Judul               : Gadis Minimarket
Penulis             : Sayaka Murata
Alih bahasa     : Ninuk Sulistyawati
Penerbit           : Gramedia Pustaka Utama
Tebal               : 160 halaman
Cetakan           : Pertama, 2020

Hidup seringkali menawarkan ragam kemungkinan. Meminjam ungkapan dari penulis-penulis Indonesia: bisa sederhana namun yang hebat itu tafsirannya. Bisa brengsek dan kita dipaksa menikmatinya. Bisa pula indah dan itulah yang mungkin Keiko punya. Gadis Minimarket karangan Sayaka Murata ini semacam novel slice of life. Sebuah cerita yang dekat dengan irisan kehidupan lewat penggambaran tokoh serta permasalahannya. Kisah-kisah berbasis mimesis.

Lalu apa yang bisa kita pahami dari realitas itu sendiri? Apa yang menarik dari kehidupan ini? di mana standar kehidupan ideal hadir dari algoritma dan filter bubble. Ruang di mana pandangan terhadap nilai, norma dan indikator kesuksesan dijejali lewat unggahan-unggahan dan standar yang diciptakan oleh orang lain.

Saat saya masih SMA, orang-orang yang punya pengalaman hidup lebih banyak—karena ia terlahir di dunia duluan—kerap menceritakan bagaimana cara mencapai kesuksesan. Namun terkadang mereka lupa untuk membagikan juga kiat-kiat dan pengalaman menghadapi kegagalan. Bagaimana cara agar kita bangkit dari patah hati dan bagaimana menghadapi kondisi ekonomi yang tak menentu.

Pada suatu momen, salah seorang pejabat negara menawarkan solusi yang ajaib terhadap kemiskinan, yaitu fatwa pernikahan lintas kelas. Menurutnya jika yang kaya menikahi yang miskin, maka kelak kehidupan yang miskin akan lebih baik dari segi ekonomi. Sebuah pernyataan yang lahir dengan tujuan untuk menyederhanakan masalah, namun dapat menimbulkan persoalan baru. Mulai dari penyesuaian kebiasaan dan gaya hidup karena secara ekonomi ada gap yang lebar. Dan yang menjadi pertanyaan: apakah untuk urusan privat kita perlu didikte sedemikian rupa? Padahal kemiskinan itu ada karena permasalahan sistem dan bersifat struktural.
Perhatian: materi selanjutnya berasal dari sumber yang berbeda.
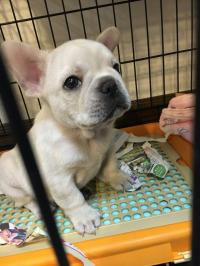 フレンチブルドック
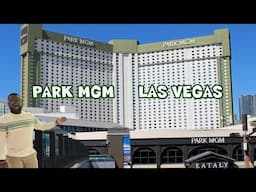 Inside the Park MGM Resort & Casino in Las Vegas in 2025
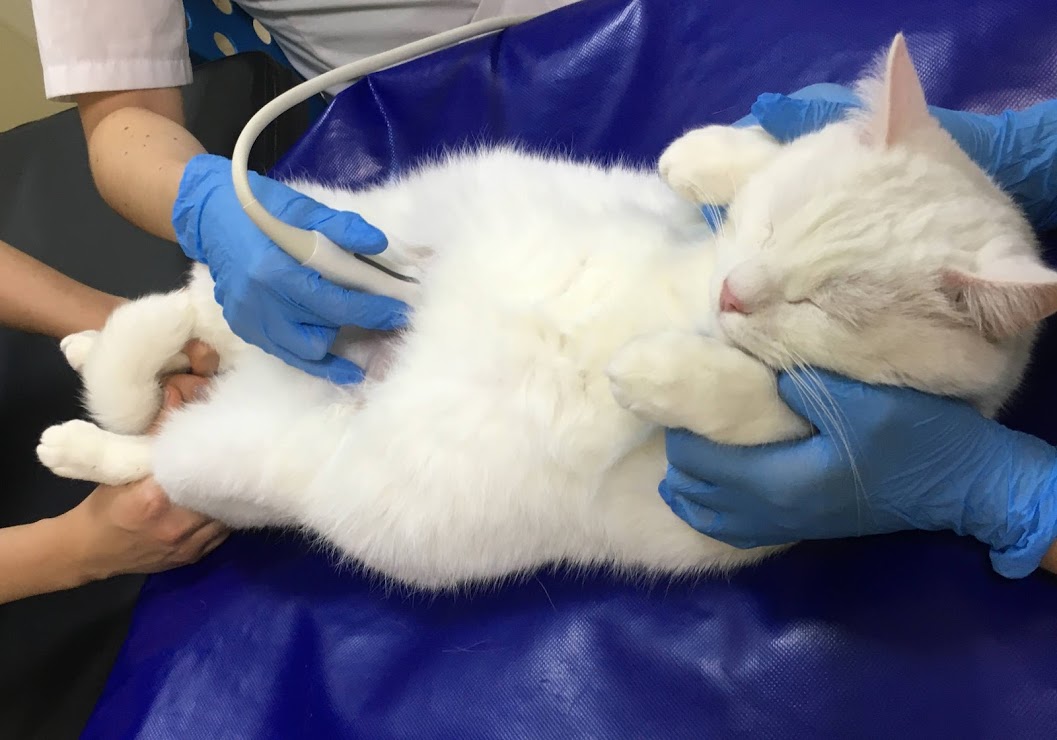 УЗИ почек у кошек Фото узи почек кошке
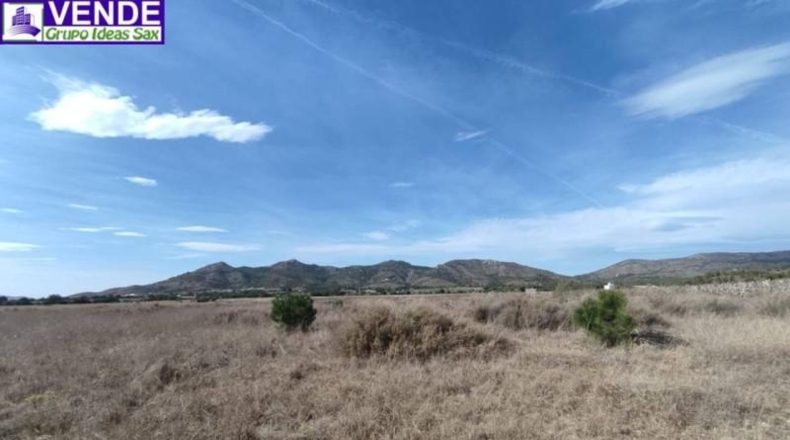 Alicante - Sax - 325000m2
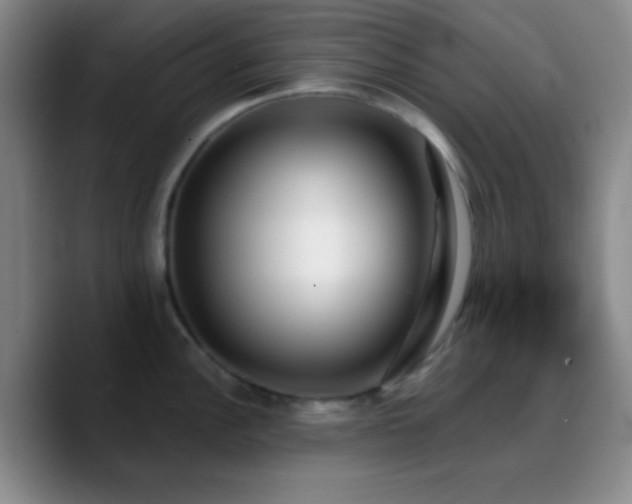 X0000090751148200707201444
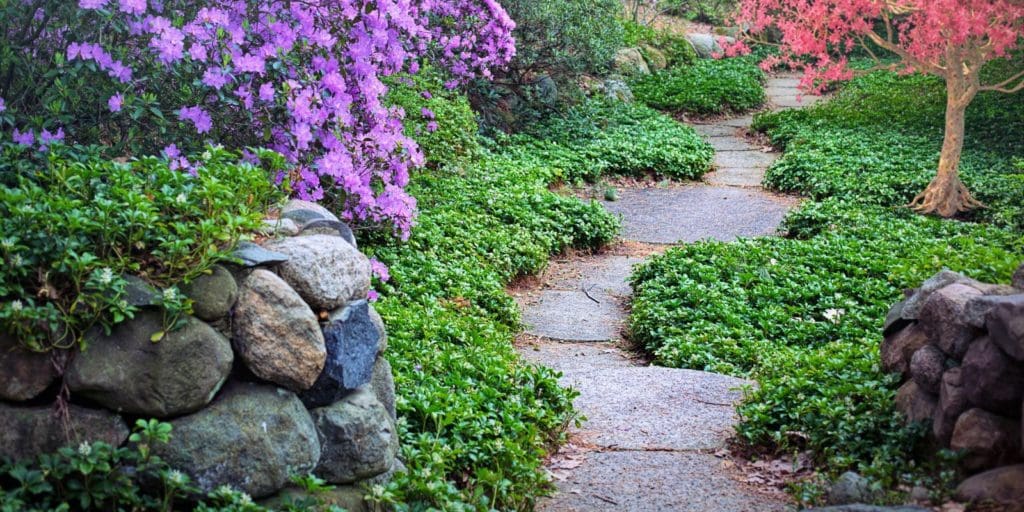 Should You Pay To Maintain the Garden of Your Rental Property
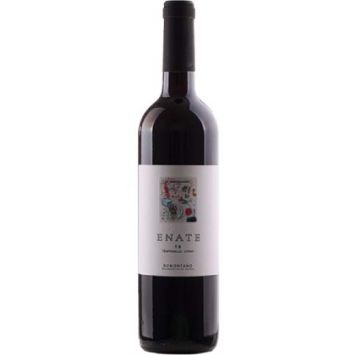 enate TS vino tinto barrica somontano aragon españa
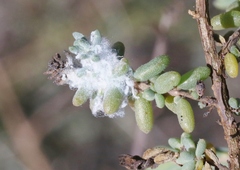 Craspedolepta suaedae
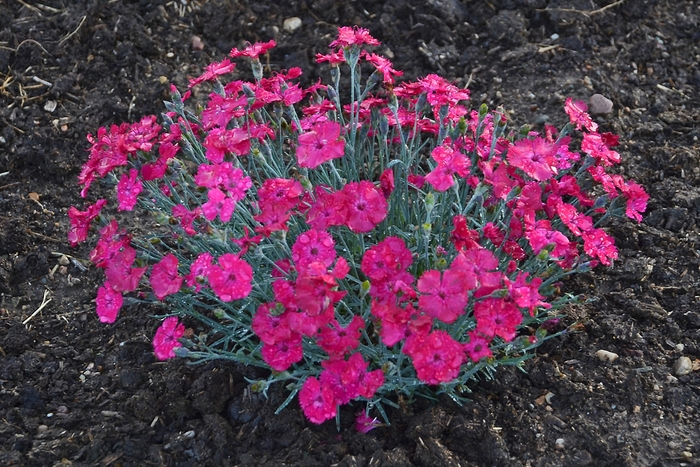 'Paint the Town Magenta' - Dianthus hybrid from Evans Nursery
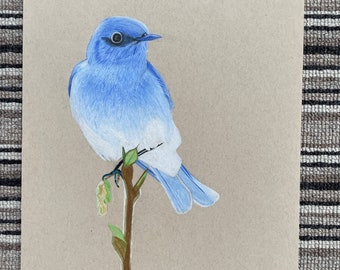 Mountain Bluebird print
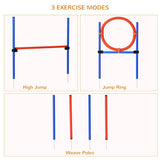 Pet Agility Training Equipment Adjustable Set (Pole + Hoop + Hurdle)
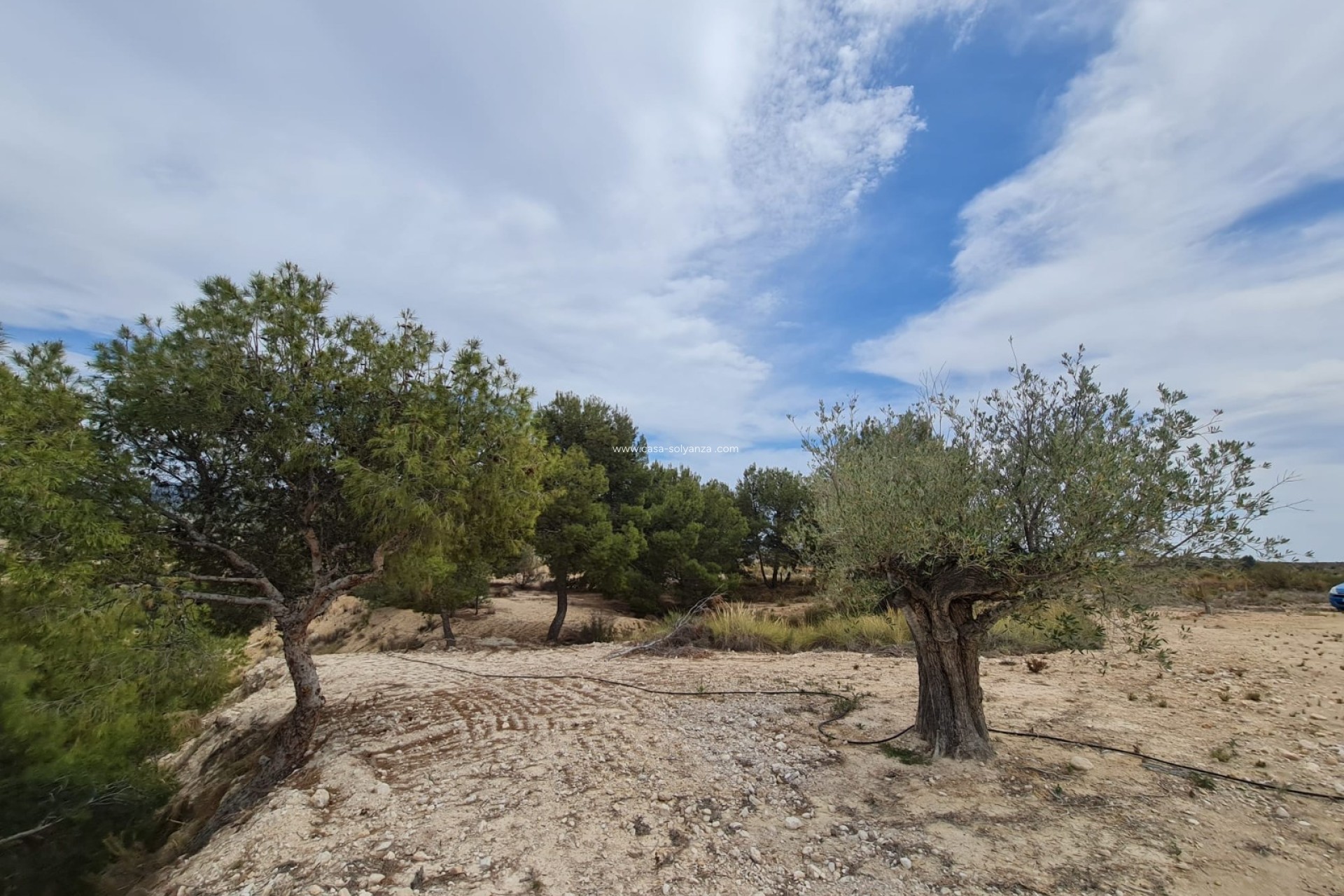 Wiederverkauf - Other - Abanilla - Inland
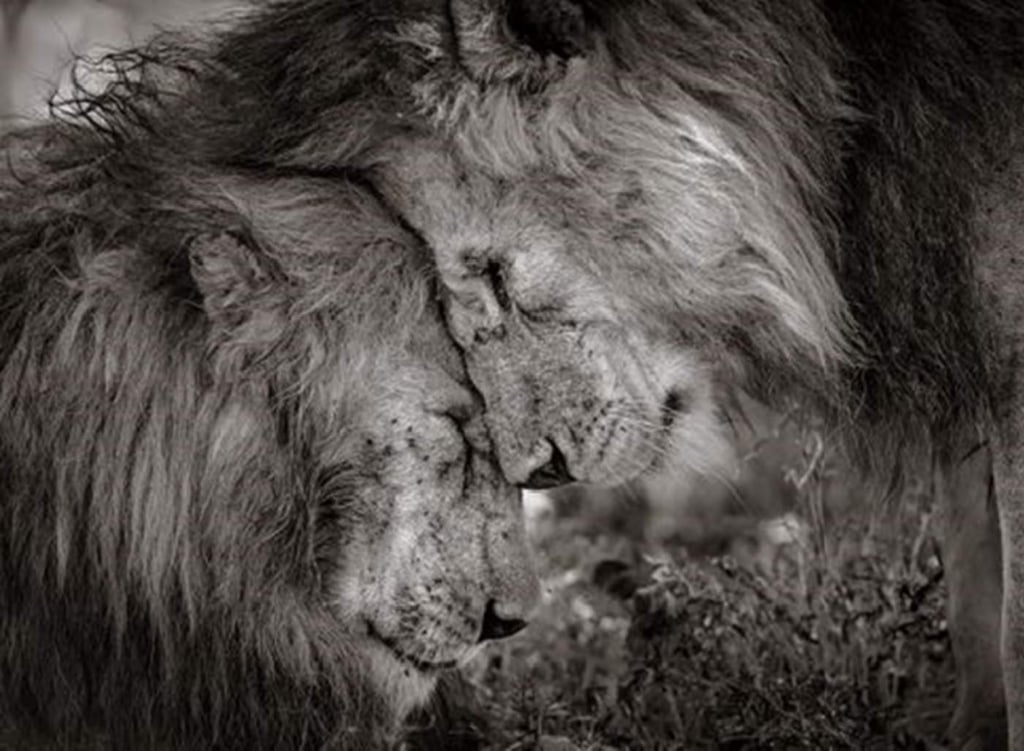 Tierno momento entre dos leones se gana ‘la foto del año’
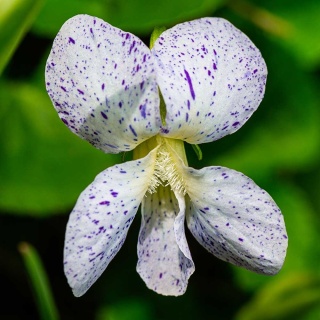 Fiołek motylkowaty Freckles P11(1L)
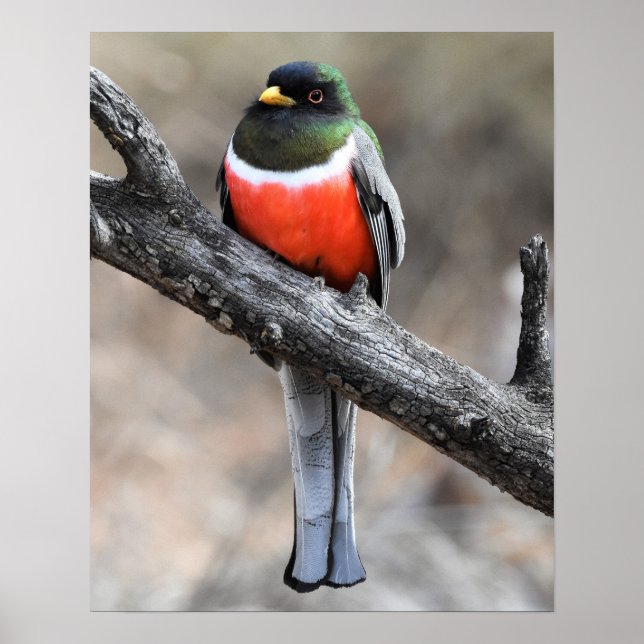 Poster elegant Trogon (Framsidan)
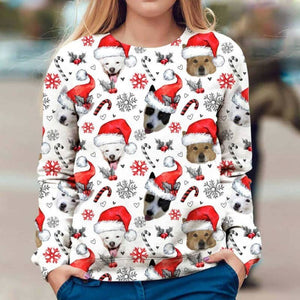 Canaan Dog - Xmas Decor - Premium Sweatshirt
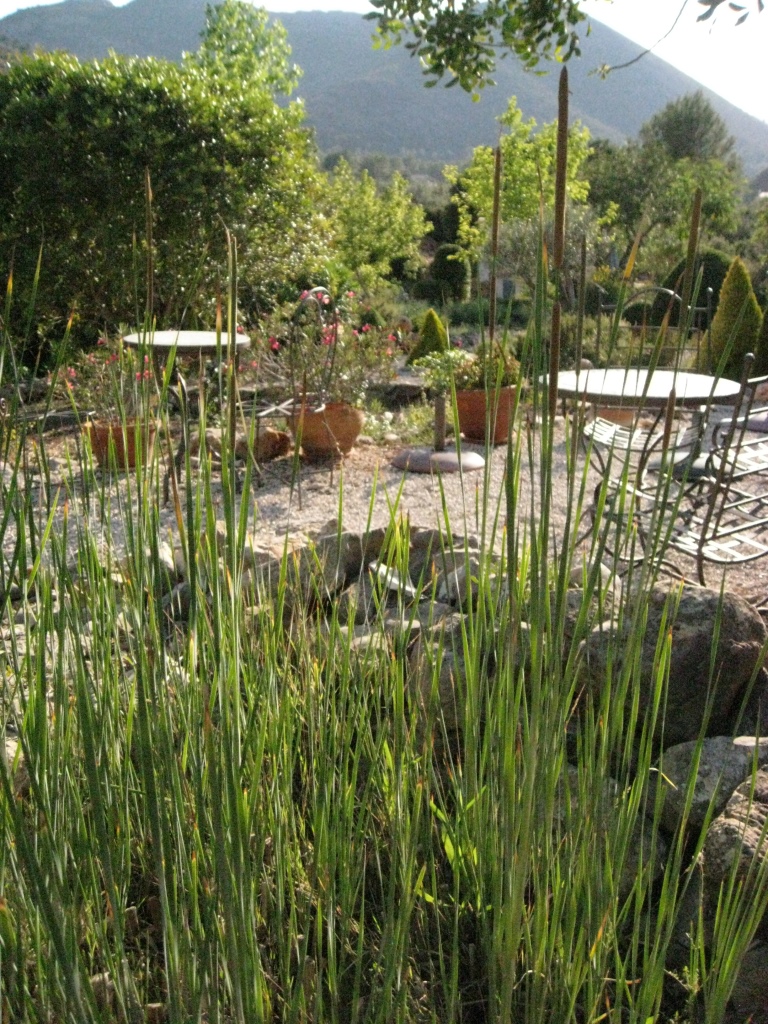 Typha angustifolia, Schmalblättriger Rohrkolben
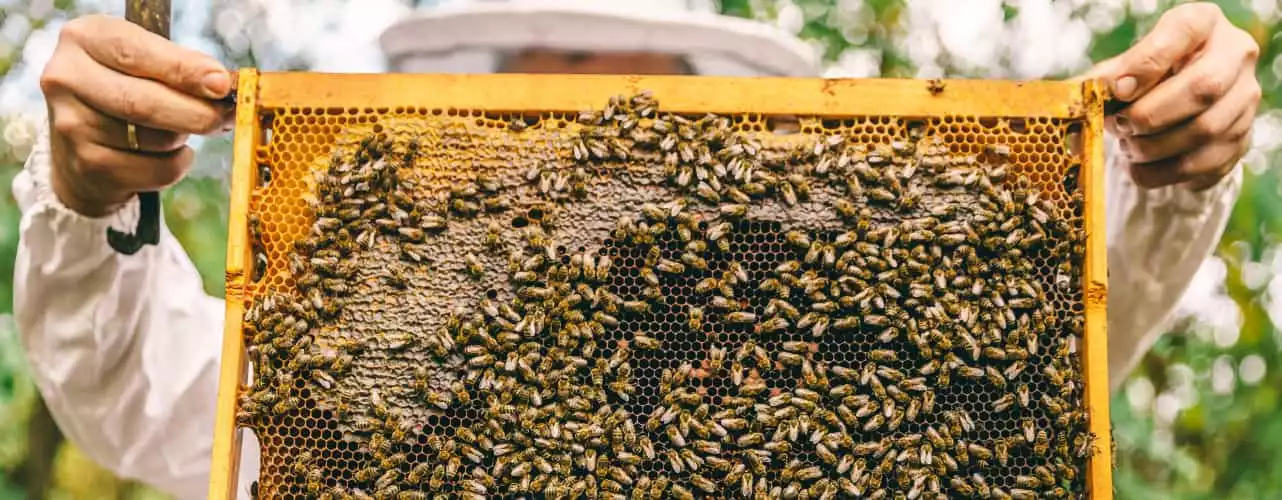 Honey Bee farmer holding a bee farm.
Adanya jurang dan demarkasi kaya dan miskin karena si miskin ini tidak diberikan akses yang memadai untuk mencapai ke sana. Untuk mendapatkan distribusi pengetahuan yang merata dan harga jual barang yang berbeda di satu pulau dan pulau lainnya adalah sebuah masalah tersendiri. Ditambah dengan lingkaran oligarki yang menguat, menjadikan si miskin makin jauh dari panggang api yaitu kesejahteraan. Hingga muncul cuitan warganet yang sarkastik kurang lebih bunyinya begini: kalau orang kaya besanan dengan orang kaya, maka hutan di Kalimantan tinggal menunggu waktu untuk digunduli dan kerajaan Sawit mendominasi.

Membincang Standar Hidup Ideal

Tak salah bila seseorang memiliki cita-cita tinggi dan daftar pencapaian yang kelak bisa dibanggakan. Tak salah pula bisa seseorang boro-boro mikir cita-cita bila bisa bertahan hidup untuk hari ini saja adalah suatu pencapaian yang gemilang.

Kacamata-kacamata itu, penilaian-penilaian itu lahir dari konstruksi sosial. Dari realitas masyarakat dan kecenderungan laku menjalani hidup. Apa standar hidup yang ideal menurut kita? Pendidikan yang tinggi, karir yang bagus, menikah dengan cinta lalu beranak dan begitu sajakah siklus manusia? bolehkah keluar dari linimasa itu dan menjadi liyan?

Bagaimana bila itu semua belum tercapai di usia 36 tahun? Furukura Keiko di angka tersebut masih bekerja di toko swalayan. Bukan dengan jabatan tinggi macam manajer atau kepala toko. Ia hanya bekerja sambilan. Karirnya tidak berkembang, begitu menurut penghakiman masyarakat. Padahal ia bekerja di toko swalayan sudah mencapai 18 tahun lamanya atau ketika toko tersebut buka untuk pertama kalinya.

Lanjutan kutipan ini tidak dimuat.